◆ Assignment ◆
Each record should be written out exactly as it stands.

(Given records)

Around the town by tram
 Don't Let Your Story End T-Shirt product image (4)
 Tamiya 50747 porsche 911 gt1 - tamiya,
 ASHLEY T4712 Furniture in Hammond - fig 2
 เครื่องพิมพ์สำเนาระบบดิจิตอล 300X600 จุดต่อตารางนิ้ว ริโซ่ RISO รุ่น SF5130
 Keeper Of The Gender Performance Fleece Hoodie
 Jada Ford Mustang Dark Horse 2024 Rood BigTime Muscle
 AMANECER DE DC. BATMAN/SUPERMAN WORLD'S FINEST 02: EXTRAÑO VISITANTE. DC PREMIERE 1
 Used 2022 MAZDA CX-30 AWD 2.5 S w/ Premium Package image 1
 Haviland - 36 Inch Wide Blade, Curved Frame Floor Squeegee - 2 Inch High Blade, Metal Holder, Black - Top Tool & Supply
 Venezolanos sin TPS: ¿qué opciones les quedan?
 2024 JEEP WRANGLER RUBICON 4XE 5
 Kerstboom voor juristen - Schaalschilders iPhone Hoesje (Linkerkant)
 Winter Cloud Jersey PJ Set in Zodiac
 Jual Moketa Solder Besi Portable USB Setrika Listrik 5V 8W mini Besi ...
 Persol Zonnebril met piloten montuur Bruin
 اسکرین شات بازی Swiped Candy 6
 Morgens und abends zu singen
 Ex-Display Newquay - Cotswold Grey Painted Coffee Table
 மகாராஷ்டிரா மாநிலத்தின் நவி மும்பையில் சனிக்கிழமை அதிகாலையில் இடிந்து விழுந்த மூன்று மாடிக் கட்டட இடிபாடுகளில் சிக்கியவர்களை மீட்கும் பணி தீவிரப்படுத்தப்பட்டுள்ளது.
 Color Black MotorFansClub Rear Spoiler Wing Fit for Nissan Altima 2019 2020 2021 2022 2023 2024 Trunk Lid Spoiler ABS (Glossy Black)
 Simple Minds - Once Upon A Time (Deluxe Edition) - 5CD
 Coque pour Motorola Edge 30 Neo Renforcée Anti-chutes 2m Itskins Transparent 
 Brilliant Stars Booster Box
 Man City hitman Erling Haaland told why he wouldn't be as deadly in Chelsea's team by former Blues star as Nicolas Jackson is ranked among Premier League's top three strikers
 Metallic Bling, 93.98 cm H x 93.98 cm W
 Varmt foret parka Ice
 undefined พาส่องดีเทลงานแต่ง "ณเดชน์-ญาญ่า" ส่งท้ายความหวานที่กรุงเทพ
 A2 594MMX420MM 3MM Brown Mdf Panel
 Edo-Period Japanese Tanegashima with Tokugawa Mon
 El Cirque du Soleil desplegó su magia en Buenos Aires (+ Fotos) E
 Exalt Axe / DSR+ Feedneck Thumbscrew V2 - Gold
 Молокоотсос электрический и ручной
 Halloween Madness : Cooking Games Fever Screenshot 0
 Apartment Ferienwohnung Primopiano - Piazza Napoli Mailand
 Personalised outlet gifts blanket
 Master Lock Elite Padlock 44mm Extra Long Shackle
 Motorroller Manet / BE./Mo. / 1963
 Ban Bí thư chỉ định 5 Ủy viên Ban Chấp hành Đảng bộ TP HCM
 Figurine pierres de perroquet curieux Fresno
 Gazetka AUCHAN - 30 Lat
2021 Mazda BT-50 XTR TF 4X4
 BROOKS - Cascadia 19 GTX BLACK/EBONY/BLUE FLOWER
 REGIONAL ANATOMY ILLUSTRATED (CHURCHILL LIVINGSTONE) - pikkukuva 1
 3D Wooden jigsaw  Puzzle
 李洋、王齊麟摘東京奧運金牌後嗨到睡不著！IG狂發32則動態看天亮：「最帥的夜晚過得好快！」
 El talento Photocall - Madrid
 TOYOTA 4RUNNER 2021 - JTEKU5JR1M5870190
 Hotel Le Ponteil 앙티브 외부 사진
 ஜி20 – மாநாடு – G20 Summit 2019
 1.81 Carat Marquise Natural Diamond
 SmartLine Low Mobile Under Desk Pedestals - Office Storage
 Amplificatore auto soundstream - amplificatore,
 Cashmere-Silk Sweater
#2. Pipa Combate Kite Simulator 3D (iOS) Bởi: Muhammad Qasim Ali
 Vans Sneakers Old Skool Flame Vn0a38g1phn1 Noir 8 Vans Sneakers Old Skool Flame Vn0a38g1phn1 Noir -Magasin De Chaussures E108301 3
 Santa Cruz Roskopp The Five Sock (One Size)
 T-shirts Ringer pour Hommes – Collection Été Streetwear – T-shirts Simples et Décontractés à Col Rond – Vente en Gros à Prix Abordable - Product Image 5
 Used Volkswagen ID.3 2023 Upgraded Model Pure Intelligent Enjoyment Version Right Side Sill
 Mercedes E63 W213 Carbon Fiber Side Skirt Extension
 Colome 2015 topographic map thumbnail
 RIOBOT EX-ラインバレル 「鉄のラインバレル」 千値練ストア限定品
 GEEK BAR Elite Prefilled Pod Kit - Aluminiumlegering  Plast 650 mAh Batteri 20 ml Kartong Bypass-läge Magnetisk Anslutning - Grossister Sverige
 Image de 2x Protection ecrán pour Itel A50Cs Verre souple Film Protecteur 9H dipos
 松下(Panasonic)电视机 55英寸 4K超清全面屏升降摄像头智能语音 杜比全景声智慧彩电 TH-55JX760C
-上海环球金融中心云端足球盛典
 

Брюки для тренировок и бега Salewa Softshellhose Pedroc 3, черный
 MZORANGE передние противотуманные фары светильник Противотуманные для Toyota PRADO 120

(End Given records)

◆ Reply ◆
Around the town by tram
 Don't Let Your Story End T-Shirt product image (4)
 Tamiya 50747 porsche 911 gt1 - tamiya,
 ASHLEY T4712 Furniture in Hammond - fig 2
 เครื่องพิมพ์สำเนาระบบดิจิตอล 300X600 จุดต่อตารางนิ้ว ริโซ่ RISO รุ่น SF5130
 Keeper Of The Gender Performance Fleece Hoodie
 Jada Ford Mustang Dark Horse 2024 Rood BigTime Muscle
 AMANECER DE DC. BATMAN/SUPERMAN WORLD'S FINEST 02: EXTRAÑO VISITANTE. DC PREMIERE 1
 Used 2022 MAZDA CX-30 AWD 2.5 S w/ Premium Package image 1
 Haviland - 36 Inch Wide Blade, Curved Frame Floor Squeegee - 2 Inch High Blade, Metal Holder, Black - Top Tool & Supply
 Venezolanos sin TPS: ¿qué opciones les quedan?
 2024 JEEP WRANGLER RUBICON 4XE 5
 Kerstboom voor juristen - Schaalschilders iPhone Hoesje (Linkerkant)
 Winter Cloud Jersey PJ Set in Zodiac
 Jual Moketa Solder Besi Portable USB Setrika Listrik 5V 8W mini Besi ...
 Persol Zonnebril met piloten montuur Bruin
 اسکرین شات بازی Swiped Candy 6
 Morgens und abends zu singen
 Ex-Display Newquay - Cotswold Grey Painted Coffee Table
 மகாராஷ்டிரா மாநிலத்தின் நவி மும்பையில் சனிக்கிழமை அதிகாலையில் இடிந்து விழுந்த மூன்று மாடிக் கட்டட இடிபாடுகளில் சிக்கியவர்களை மீட்கும் பணி தீவிரப்படுத்தப்பட்டுள்ளது.
 Color Black MotorFansClub Rear Spoiler Wing Fit for Nissan Altima 2019 2020 2021 2022 2023 2024 Trunk Lid Spoiler ABS (Glossy Black)
 Simple Minds - Once Upon A Time (Deluxe Edition) - 5CD
 Coque pour Motorola Edge 30 Neo Renforcée Anti-chutes 2m Itskins Transparent 
 Brilliant Stars Booster Box
 Man City hitman Erling Haaland told why he wouldn't be as deadly in Chelsea's team by former Blues star as Nicolas Jackson is ranked among Premier League's top three strikers
 Metallic Bling, 93.98 cm H x 93.98 cm W
 Varmt foret parka Ice
 undefined พาส่องดีเทลงานแต่ง "ณเดชน์-ญาญ่า" ส่งท้ายความหวานที่กรุงเทพ
 A2 594MMX420MM 3MM Brown Mdf Panel
 Edo-Period Japanese Tanegashima with Tokugawa Mon
 El Cirque du Soleil desplegó su magia en Buenos Aires (+ Fotos) E
 Exalt Axe / DSR+ Feedneck Thumbscrew V2 - Gold
 Молокоотсос электрический и ручной
 Halloween Madness : Cooking Games Fever Screenshot 0
 Apartment Ferienwohnung Primopiano - Piazza Napoli Mailand
 Personalised outlet gifts blanket
 Master Lock Elite Padlock 44mm Extra Long Shackle
 Motorroller Manet / BE./Mo. / 1963
 Ban Bí thư chỉ định 5 Ủy viên Ban Chấp hành Đảng bộ TP HCM
 Figurine pierres de perroquet curieux Fresno
 Gazetka AUCHAN - 30 Lat
2021 Mazda BT-50 XTR TF 4X4
 BROOKS - Cascadia 19 GTX BLACK/EBONY/BLUE FLOWER
 REGIONAL ANATOMY ILLUSTRATED (CHURCHILL LIVINGSTONE) - pikkukuva 1
 3D Wooden jigsaw  Puzzle
 李洋、王齊麟摘東京奧運金牌後嗨到睡不著！IG狂發32則動態看天亮：「最帥的夜晚過得好快！」
 El talento Photocall - Madrid
 TOYOTA 4RUNNER 2021 - JTEKU5JR1M5870190
 Hotel Le Ponteil 앙티브 외부 사진
 ஜி20 – மாநாடு – G20 Summit 2019
 1.81 Carat Marquise Natural Diamond
 SmartLine Low Mobile Under Desk Pedestals - Office Storage
 Amplificatore auto soundstream - amplificatore,
 Cashmere-Silk Sweater
#2. Pipa Combate Kite Simulator 3D (iOS) Bởi: Muhammad Qasim Ali
 Vans Sneakers Old Skool Flame Vn0a38g1phn1 Noir 8 Vans Sneakers Old Skool Flame Vn0a38g1phn1 Noir -Magasin De Chaussures E108301 3
 Santa Cruz Roskopp The Five Sock (One Size)
 T-shirts Ringer pour Hommes – Collection Été Streetwear – T-shirts Simples et Décontractés à Col Rond – Vente en Gros à Prix Abordable - Product Image 5
 Used Volkswagen ID.3 2023 Upgraded Model Pure Intelligent Enjoyment Version Right Side Sill
 Mercedes E63 W213 Carbon Fiber Side Skirt Extension
 Colome 2015 topographic map thumbnail
 RIOBOT EX-ラインバレル 「鉄のラインバレル」 千値練ストア限定品
 GEEK BAR Elite Prefilled Pod Kit - Aluminiumlegering  Plast 650 mAh Batteri 20 ml Kartong Bypass-läge Magnetisk Anslutning - Grossister Sverige
 Image de 2x Protection ecrán pour Itel A50Cs Verre souple Film Protecteur 9H dipos
 松下(Panasonic)电视机 55英寸 4K超清全面屏升降摄像头智能语音 杜比全景声智慧彩电 TH-55JX760C
-上海环球金融中心云端足球盛典
 

Брюки для тренировок и бега Salewa Softshellhose Pedroc 3, черный
 MZORANGE передние противотуманные фары светильник Противотуманные для Toyota PRADO 120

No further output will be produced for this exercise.